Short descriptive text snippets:
▼

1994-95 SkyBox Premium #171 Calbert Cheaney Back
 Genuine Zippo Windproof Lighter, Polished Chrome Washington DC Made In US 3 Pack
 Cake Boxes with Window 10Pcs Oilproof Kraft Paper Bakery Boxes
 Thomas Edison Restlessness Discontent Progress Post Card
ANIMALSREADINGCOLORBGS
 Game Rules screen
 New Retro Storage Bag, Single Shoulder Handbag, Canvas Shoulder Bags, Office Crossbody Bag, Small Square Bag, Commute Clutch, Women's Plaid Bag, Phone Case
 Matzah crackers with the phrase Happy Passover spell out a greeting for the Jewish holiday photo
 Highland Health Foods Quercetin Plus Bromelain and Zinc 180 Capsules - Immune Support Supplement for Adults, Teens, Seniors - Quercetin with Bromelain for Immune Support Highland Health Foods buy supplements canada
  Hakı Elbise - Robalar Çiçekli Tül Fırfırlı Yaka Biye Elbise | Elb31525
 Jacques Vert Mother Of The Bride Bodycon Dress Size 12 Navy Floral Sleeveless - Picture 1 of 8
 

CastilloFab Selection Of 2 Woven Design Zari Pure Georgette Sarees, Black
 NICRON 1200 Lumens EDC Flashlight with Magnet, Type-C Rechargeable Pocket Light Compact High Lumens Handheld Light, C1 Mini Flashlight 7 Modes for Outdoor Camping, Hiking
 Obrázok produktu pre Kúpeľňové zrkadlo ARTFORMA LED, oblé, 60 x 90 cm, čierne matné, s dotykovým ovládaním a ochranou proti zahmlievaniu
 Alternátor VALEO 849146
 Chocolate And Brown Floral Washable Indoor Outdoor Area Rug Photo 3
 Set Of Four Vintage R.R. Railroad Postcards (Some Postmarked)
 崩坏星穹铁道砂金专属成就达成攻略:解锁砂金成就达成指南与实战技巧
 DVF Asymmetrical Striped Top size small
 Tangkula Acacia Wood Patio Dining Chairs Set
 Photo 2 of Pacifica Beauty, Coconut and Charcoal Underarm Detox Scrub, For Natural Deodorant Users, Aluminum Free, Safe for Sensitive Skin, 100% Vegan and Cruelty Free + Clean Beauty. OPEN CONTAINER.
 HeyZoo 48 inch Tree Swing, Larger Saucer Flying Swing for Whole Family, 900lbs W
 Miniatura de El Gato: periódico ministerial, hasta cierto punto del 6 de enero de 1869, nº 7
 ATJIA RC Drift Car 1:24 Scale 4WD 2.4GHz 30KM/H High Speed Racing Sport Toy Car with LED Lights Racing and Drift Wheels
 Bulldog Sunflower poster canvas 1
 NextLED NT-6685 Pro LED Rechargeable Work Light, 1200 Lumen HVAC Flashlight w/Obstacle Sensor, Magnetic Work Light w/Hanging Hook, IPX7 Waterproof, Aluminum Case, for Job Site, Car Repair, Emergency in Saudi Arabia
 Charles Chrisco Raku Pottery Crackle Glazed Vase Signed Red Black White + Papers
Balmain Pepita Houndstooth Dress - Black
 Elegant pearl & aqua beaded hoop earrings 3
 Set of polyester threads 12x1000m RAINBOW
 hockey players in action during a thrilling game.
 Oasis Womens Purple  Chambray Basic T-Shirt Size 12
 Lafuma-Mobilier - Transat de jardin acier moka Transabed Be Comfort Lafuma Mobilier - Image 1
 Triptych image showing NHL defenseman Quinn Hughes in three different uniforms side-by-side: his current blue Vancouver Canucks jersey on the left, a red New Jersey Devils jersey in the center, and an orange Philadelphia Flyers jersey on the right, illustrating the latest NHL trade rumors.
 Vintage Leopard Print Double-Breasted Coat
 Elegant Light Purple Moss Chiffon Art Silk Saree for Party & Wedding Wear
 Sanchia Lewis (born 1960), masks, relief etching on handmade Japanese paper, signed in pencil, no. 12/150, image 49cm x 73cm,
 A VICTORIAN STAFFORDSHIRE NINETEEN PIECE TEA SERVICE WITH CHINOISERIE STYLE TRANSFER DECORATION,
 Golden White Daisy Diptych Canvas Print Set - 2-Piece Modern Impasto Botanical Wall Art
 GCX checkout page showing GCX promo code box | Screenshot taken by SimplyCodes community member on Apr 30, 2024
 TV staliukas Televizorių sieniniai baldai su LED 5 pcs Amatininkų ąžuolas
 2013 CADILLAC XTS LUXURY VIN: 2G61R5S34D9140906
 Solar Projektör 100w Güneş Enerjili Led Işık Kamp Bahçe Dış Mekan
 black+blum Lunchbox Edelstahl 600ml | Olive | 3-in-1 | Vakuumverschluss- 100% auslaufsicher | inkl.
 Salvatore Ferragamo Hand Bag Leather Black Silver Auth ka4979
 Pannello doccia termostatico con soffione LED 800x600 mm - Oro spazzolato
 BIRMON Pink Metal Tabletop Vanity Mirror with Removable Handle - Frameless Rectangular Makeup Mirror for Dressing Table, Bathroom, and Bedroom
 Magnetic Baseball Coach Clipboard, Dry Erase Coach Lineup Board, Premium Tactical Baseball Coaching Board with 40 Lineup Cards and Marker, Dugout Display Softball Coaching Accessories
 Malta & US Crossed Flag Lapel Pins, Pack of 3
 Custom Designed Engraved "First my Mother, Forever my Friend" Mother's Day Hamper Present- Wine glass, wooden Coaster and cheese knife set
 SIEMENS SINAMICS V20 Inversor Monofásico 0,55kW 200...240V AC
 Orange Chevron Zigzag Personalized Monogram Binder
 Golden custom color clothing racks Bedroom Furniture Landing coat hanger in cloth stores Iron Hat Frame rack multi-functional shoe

▲

*TASK PROMPT*
Each of the records above is to be copied exactly.

*RESPONSE AREA*
1994-95 SkyBox Premium #171 Calbert Cheaney Back
 Genuine Zippo Windproof Lighter, Polished Chrome Washington DC Made In US 3 Pack
 Cake Boxes with Window 10Pcs Oilproof Kraft Paper Bakery Boxes
 Thomas Edison Restlessness Discontent Progress Post Card
ANIMALSREADINGCOLORBGS
 Game Rules screen
 New Retro Storage Bag, Single Shoulder Handbag, Canvas Shoulder Bags, Office Crossbody Bag, Small Square Bag, Commute Clutch, Women's Plaid Bag, Phone Case
 Matzah crackers with the phrase Happy Passover spell out a greeting for the Jewish holiday photo
 Highland Health Foods Quercetin Plus Bromelain and Zinc 180 Capsules - Immune Support Supplement for Adults, Teens, Seniors - Quercetin with Bromelain for Immune Support Highland Health Foods buy supplements canada
  Hakı Elbise - Robalar Çiçekli Tül Fırfırlı Yaka Biye Elbise | Elb31525
 Jacques Vert Mother Of The Bride Bodycon Dress Size 12 Navy Floral Sleeveless - Picture 1 of 8
 

CastilloFab Selection Of 2 Woven Design Zari Pure Georgette Sarees, Black
 NICRON 1200 Lumens EDC Flashlight with Magnet, Type-C Rechargeable Pocket Light Compact High Lumens Handheld Light, C1 Mini Flashlight 7 Modes for Outdoor Camping, Hiking
 Obrázok produktu pre Kúpeľňové zrkadlo ARTFORMA LED, oblé, 60 x 90 cm, čierne matné, s dotykovým ovládaním a ochranou proti zahmlievaniu
 Alternátor VALEO 849146
 Chocolate And Brown Floral Washable Indoor Outdoor Area Rug Photo 3
 Set Of Four Vintage R.R. Railroad Postcards (Some Postmarked)
 崩坏星穹铁道砂金专属成就达成攻略:解锁砂金成就达成指南与实战技巧
 DVF Asymmetrical Striped Top size small
 Tangkula Acacia Wood Patio Dining Chairs Set
 Photo 2 of Pacifica Beauty, Coconut and Charcoal Underarm Detox Scrub, For Natural Deodorant Users, Aluminum Free, Safe for Sensitive Skin, 100% Vegan and Cruelty Free + Clean Beauty. OPEN CONTAINER.
 HeyZoo 48 inch Tree Swing, Larger Saucer Flying Swing for Whole Family, 900lbs W
 Miniatura de El Gato: periódico ministerial, hasta cierto punto del 6 de enero de 1869, nº 7
 ATJIA RC Drift Car 1:24 Scale 4WD 2.4GHz 30KM/H High Speed Racing Sport Toy Car with LED Lights Racing and Drift Wheels
 Bulldog Sunflower poster canvas 1
 NextLED NT-6685 Pro LED Rechargeable Work Light, 1200 Lumen HVAC Flashlight w/Obstacle Sensor, Magnetic Work Light w/Hanging Hook, IPX7 Waterproof, Aluminum Case, for Job Site, Car Repair, Emergency in Saudi Arabia
 Charles Chrisco Raku Pottery Crackle Glazed Vase Signed Red Black White + Papers
Balmain Pepita Houndstooth Dress - Black
 Elegant pearl & aqua beaded hoop earrings 3
 Set of polyester threads 12x1000m RAINBOW
 hockey players in action during a thrilling game.
 Oasis Womens Purple  Chambray Basic T-Shirt Size 12
 Lafuma-Mobilier - Transat de jardin acier moka Transabed Be Comfort Lafuma Mobilier - Image 1
 Triptych image showing NHL defenseman Quinn Hughes in three different uniforms side-by-side: his current blue Vancouver Canucks jersey on the left, a red New Jersey Devils jersey in the center, and an orange Philadelphia Flyers jersey on the right, illustrating the latest NHL trade rumors.
 Vintage Leopard Print Double-Breasted Coat
 Elegant Light Purple Moss Chiffon Art Silk Saree for Party & Wedding Wear
 Sanchia Lewis (born 1960), masks, relief etching on handmade Japanese paper, signed in pencil, no. 12/150, image 49cm x 73cm,
 A VICTORIAN STAFFORDSHIRE NINETEEN PIECE TEA SERVICE WITH CHINOISERIE STYLE TRANSFER DECORATION,
 Golden White Daisy Diptych Canvas Print Set - 2-Piece Modern Impasto Botanical Wall Art
 GCX checkout page showing GCX promo code box | Screenshot taken by SimplyCodes community member on Apr 30, 2024
 TV staliukas Televizorių sieniniai baldai su LED 5 pcs Amatininkų ąžuolas
 2013 CADILLAC XTS LUXURY VIN: 2G61R5S34D9140906
 Solar Projektör 100w Güneş Enerjili Led Işık Kamp Bahçe Dış Mekan
 black+blum Lunchbox Edelstahl 600ml | Olive | 3-in-1 | Vakuumverschluss- 100% auslaufsicher | inkl.
 Salvatore Ferragamo Hand Bag Leather Black Silver Auth ka4979
 Pannello doccia termostatico con soffione LED 800x600 mm - Oro spazzolato
 BIRMON Pink Metal Tabletop Vanity Mirror with Removable Handle - Frameless Rectangular Makeup Mirror for Dressing Table, Bathroom, and Bedroom
 Magnetic Baseball Coach Clipboard, Dry Erase Coach Lineup Board, Premium Tactical Baseball Coaching Board with 40 Lineup Cards and Marker, Dugout Display Softball Coaching Accessories
 Malta & US Crossed Flag Lapel Pins, Pack of 3
 Custom Designed Engraved "First my Mother, Forever my Friend" Mother's Day Hamper Present- Wine glass, wooden Coaster and cheese knife set
 SIEMENS SINAMICS V20 Inversor Monofásico 0,55kW 200...240V AC
 Orange Chevron Zigzag Personalized Monogram Binder
 Golden custom color clothing racks Bedroom Furniture Landing coat hanger in cloth stores Iron Hat Frame rack multi-functional shoe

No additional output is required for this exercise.